> **Problem statement**: The entries must be repeated verbatim, and their images left out.

========

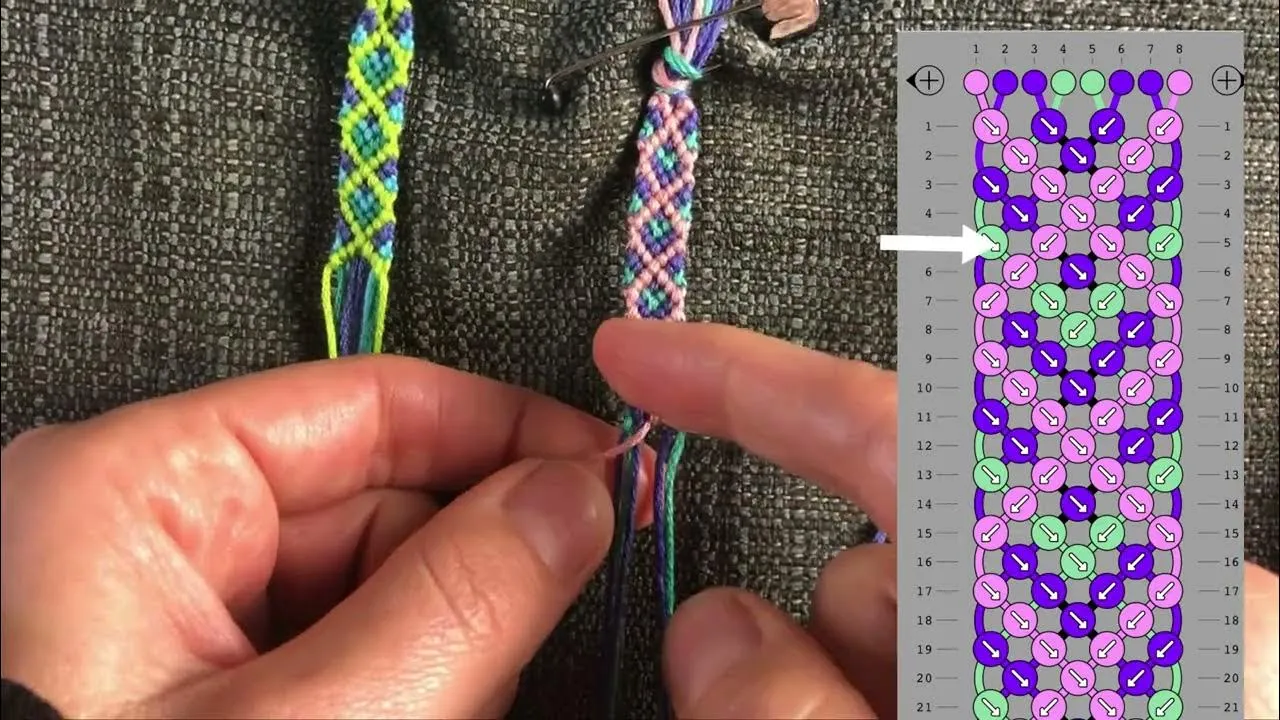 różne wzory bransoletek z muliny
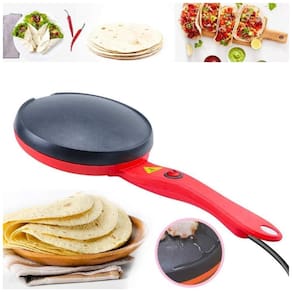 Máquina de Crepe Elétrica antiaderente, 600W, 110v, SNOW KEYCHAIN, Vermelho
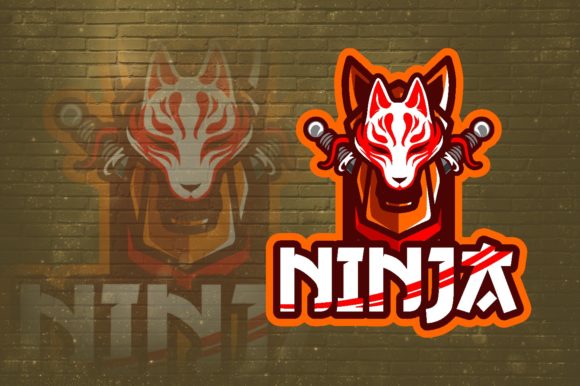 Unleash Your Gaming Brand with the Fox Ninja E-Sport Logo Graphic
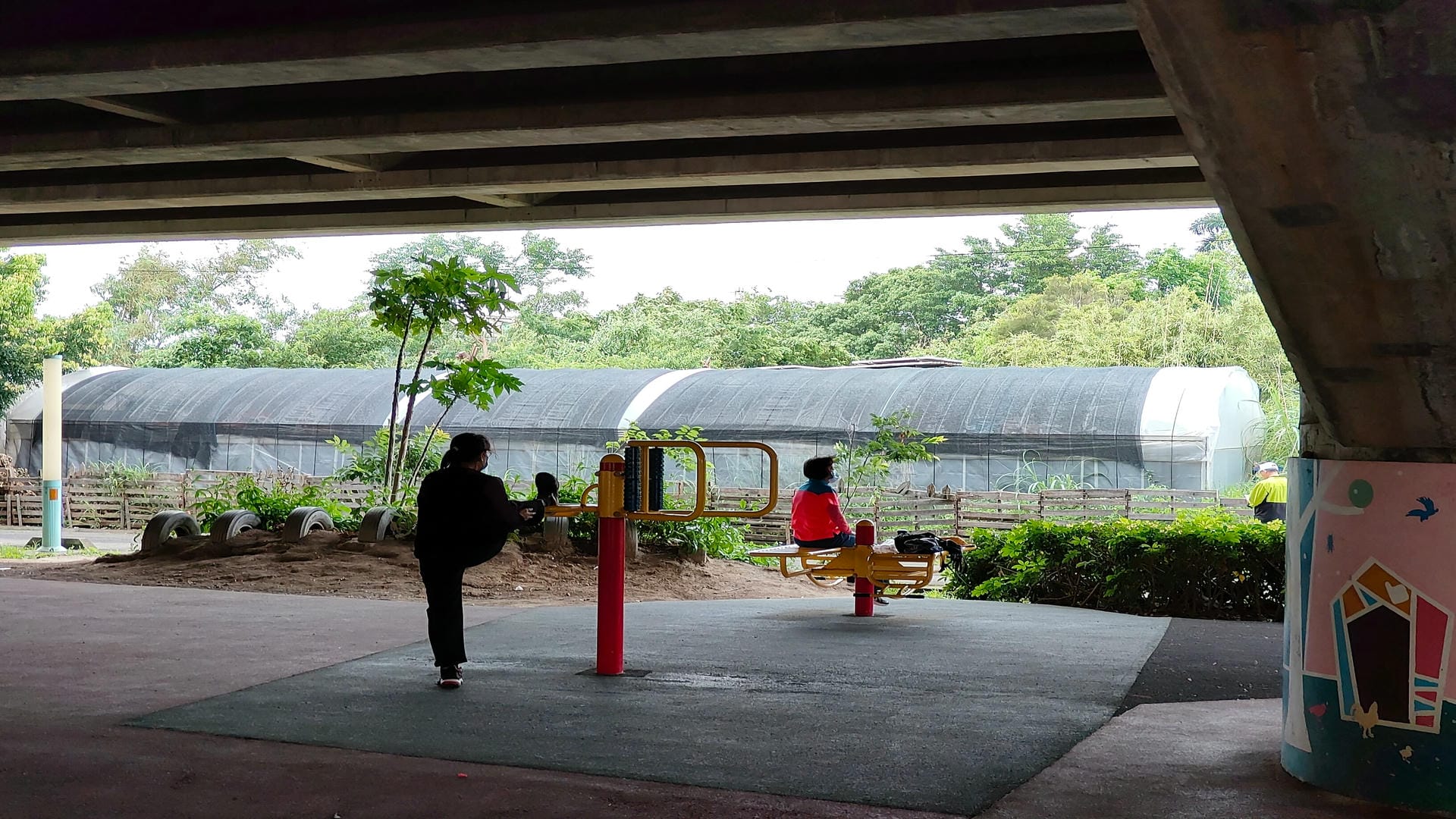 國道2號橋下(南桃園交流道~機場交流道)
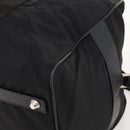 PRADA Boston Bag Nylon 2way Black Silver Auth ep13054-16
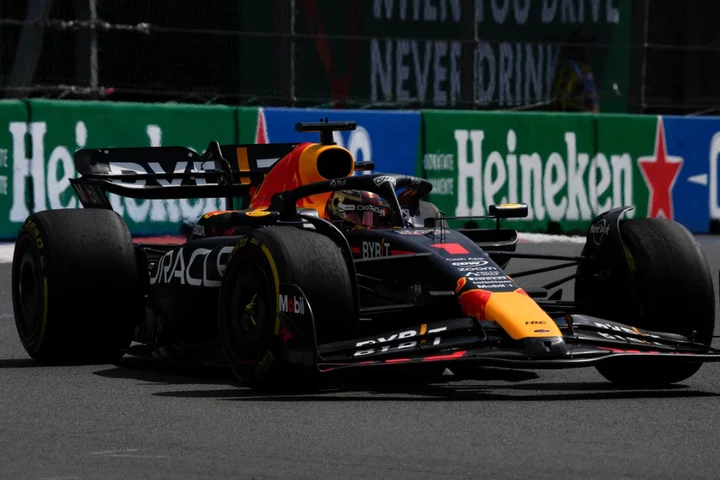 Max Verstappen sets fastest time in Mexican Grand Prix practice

========

> **Result of the task**:
 różne wzory bransoletek z muliny
 Máquina de Crepe Elétrica antiaderente, 600W, 110v, SNOW KEYCHAIN, Vermelho
 Unleash Your Gaming Brand with the Fox Ninja E-Sport Logo Graphic
 國道2號橋下(南桃園交流道~機場交流道)
 PRADA Boston Bag Nylon 2way Black Silver Auth ep13054-16
 Max Verstappen sets fastest time in Mexican Grand Prix practice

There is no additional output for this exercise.